*** Opening EXTRACTED ENTRIES ***
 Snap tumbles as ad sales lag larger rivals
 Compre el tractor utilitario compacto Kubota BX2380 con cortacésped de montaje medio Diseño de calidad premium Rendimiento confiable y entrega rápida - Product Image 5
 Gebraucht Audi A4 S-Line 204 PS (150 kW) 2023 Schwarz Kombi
*** Closing EXTRACTED ENTRIES ***
*** Opening EXTRACTED ENTRIES ***
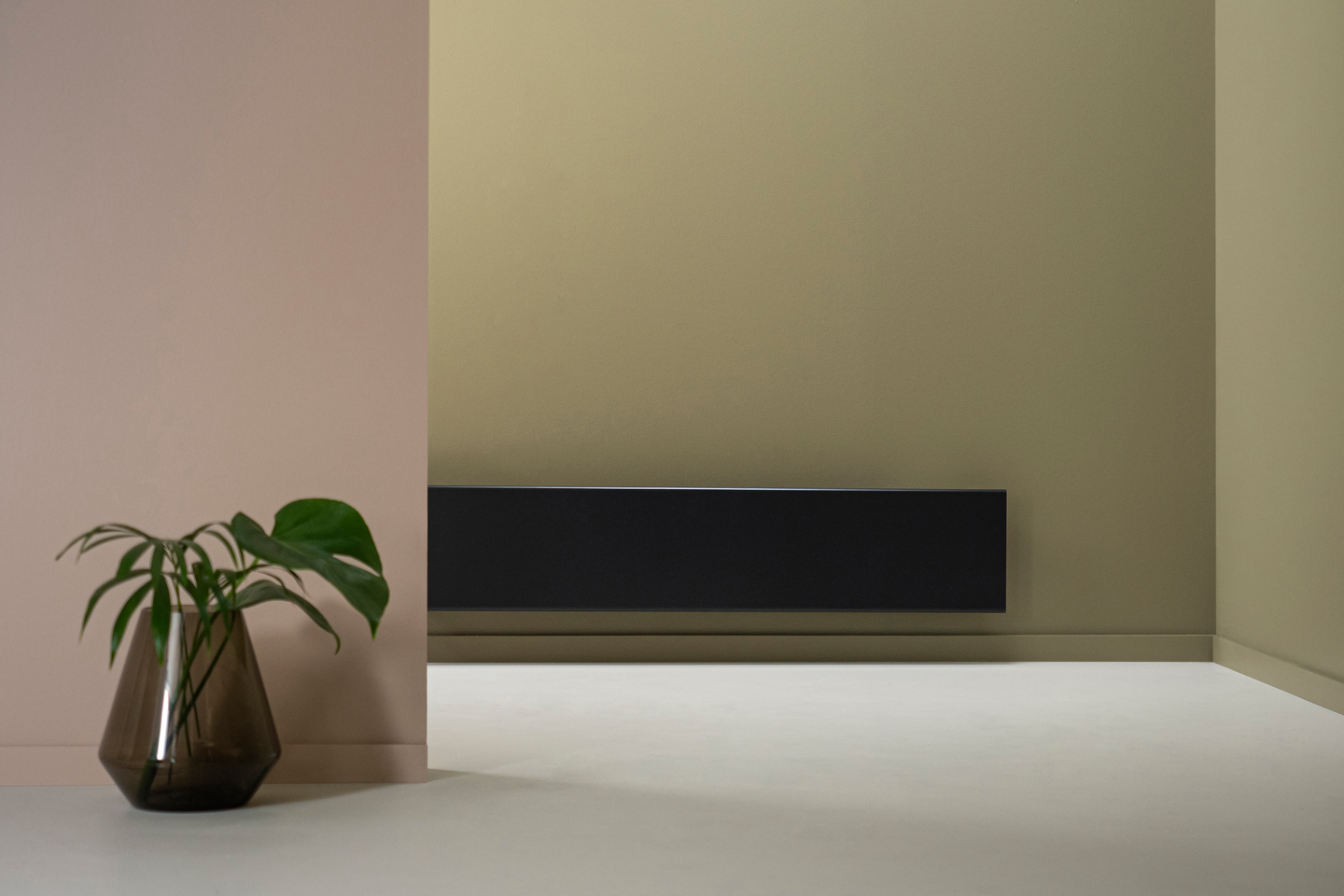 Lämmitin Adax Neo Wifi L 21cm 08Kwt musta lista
*** Closing EXTRACTED ENTRIES ***
### ABOUT THIS EXERCISE
Your answer should be the lines of the listing above between the line holding "Snap tumbles as ad sales lag larger rivals" and the line holding "Gebraucht Audi A4", inclusive, restated word for word and alone.

### TASK RESULT
 Snap tumbles as ad sales lag larger rivals
 Compre el tractor utilitario compacto Kubota BX2380 con cortacésped de montaje medio Diseño de calidad premium Rendimiento confiable y entrega rápida - Product Image 5
 Gebraucht Audi A4 S-Line 204 PS (150 kW) 2023 Schwarz Kombi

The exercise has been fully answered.